» Material for the task:
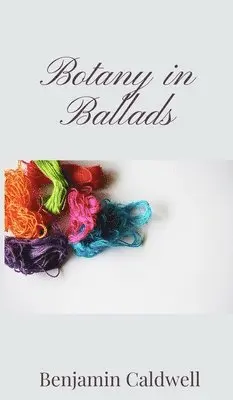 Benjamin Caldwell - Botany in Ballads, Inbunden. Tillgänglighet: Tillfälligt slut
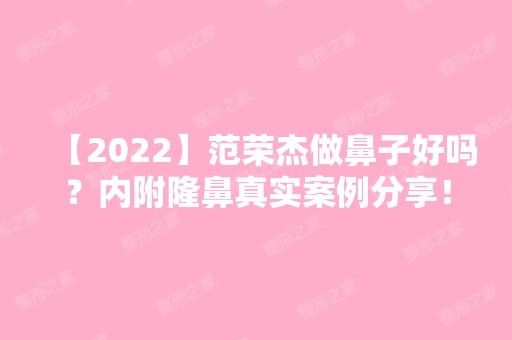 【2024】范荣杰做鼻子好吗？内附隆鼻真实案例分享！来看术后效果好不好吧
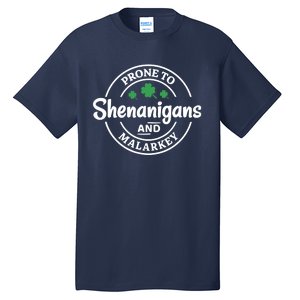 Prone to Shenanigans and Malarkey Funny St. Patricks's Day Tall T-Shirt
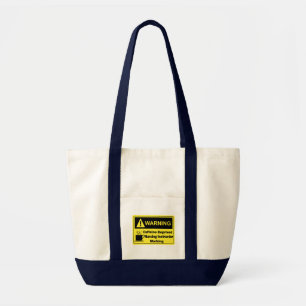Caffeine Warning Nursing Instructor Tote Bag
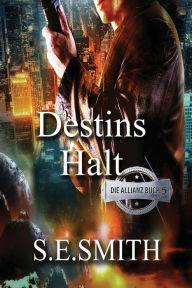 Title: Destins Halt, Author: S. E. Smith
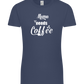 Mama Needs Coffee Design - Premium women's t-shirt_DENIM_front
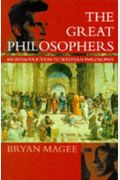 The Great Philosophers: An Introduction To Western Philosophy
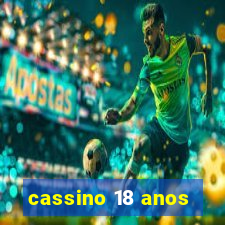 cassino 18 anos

==

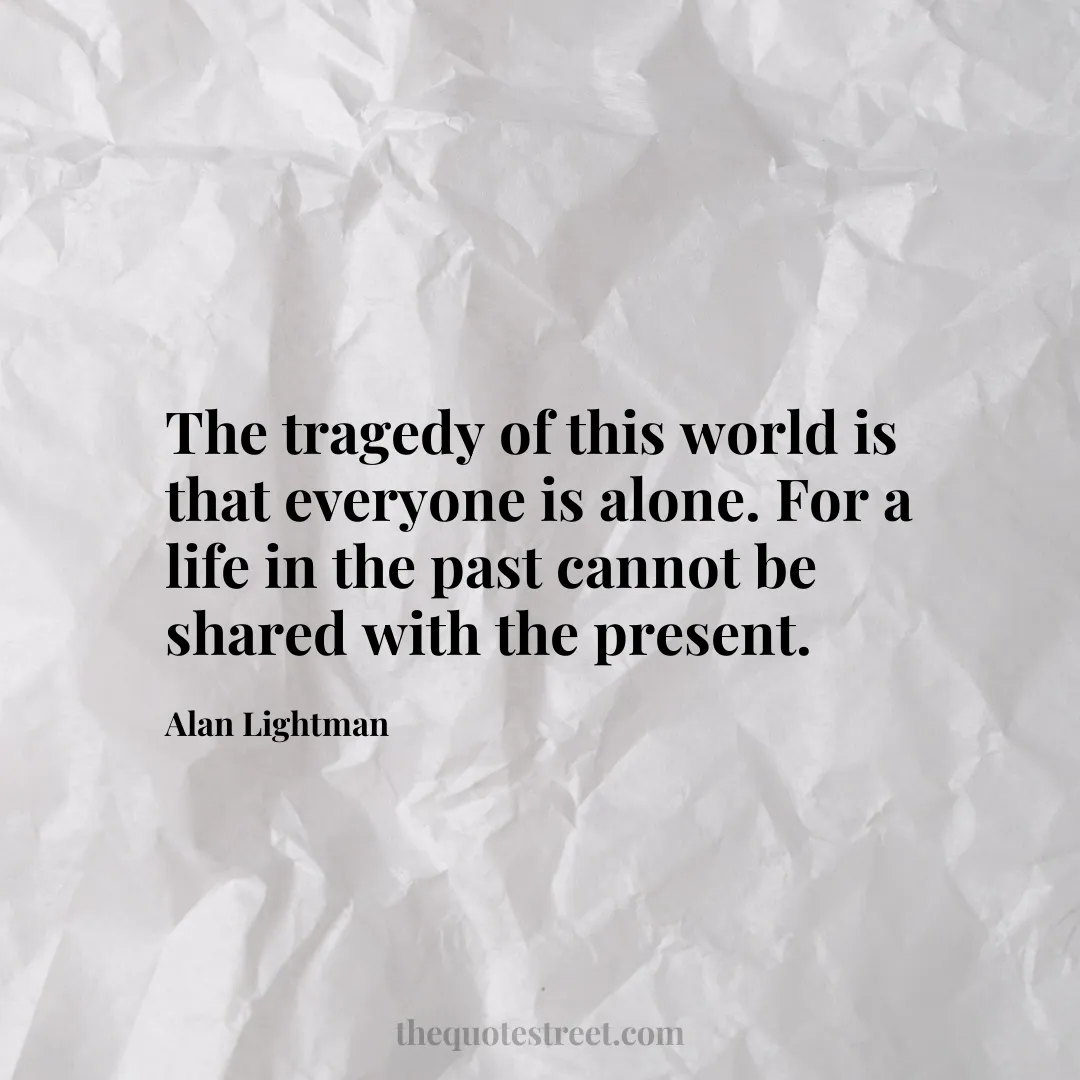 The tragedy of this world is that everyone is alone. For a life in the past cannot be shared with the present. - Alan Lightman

» Aim of the task: Produce an exact reproduction of the listing above, limited to the lines starting at the line with "Mama Needs Coffee" and ending at the line with "cassino 18 anos", both kept, with every picture left out.

» Output below:
 Mama Needs Coffee Design - Premium women's t-shirt_DENIM_front
 The Great Philosophers: An Introduction To Western Philosophy
 cassino 18 anos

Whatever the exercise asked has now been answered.